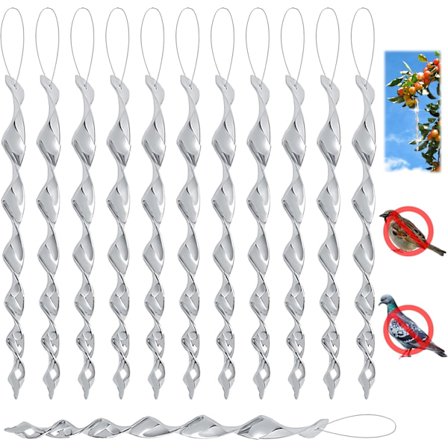 12 kpl Heijastava Linnunpelätin, Hopeinen Heijastava Tuulikierre, Linnunpelätin Tuulikello, Linnun Muotoinen Parvekkeen Linnunpelätin ja 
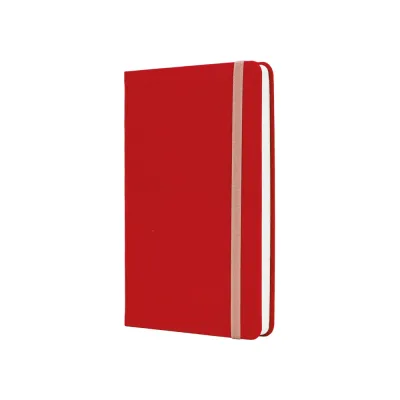 Книга записна Optima А5 SQUARE, тверда обкладинка, гумка, білий блок клітинка, червоний (O27100-03)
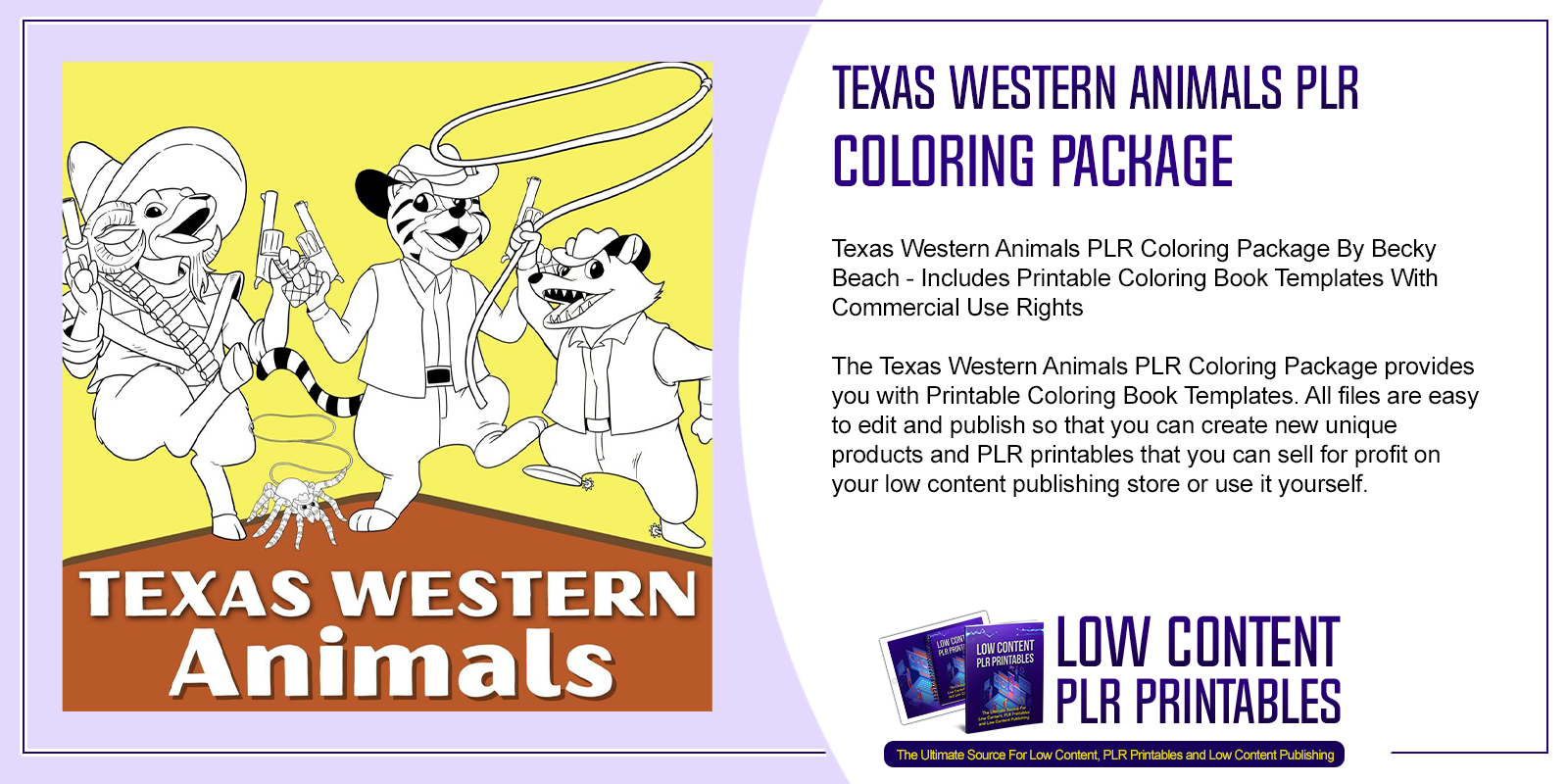 Texas Western Animals PLR Coloring Package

## EXERCISE INSTRUCTIONS
Transcribe the whole listing exactly but exclude images.

## SOLUTION FOR THIS PROBLEM
 12 kpl Heijastava Linnunpelätin, Hopeinen Heijastava Tuulikierre, Linnunpelätin Tuulikello, Linnun Muotoinen Parvekkeen Linnunpelätin ja 
 Книга записна Optima А5 SQUARE, тверда обкладинка, гумка, білий блок клітинка, червоний (O27100-03)
 Texas Western Animals PLR Coloring Package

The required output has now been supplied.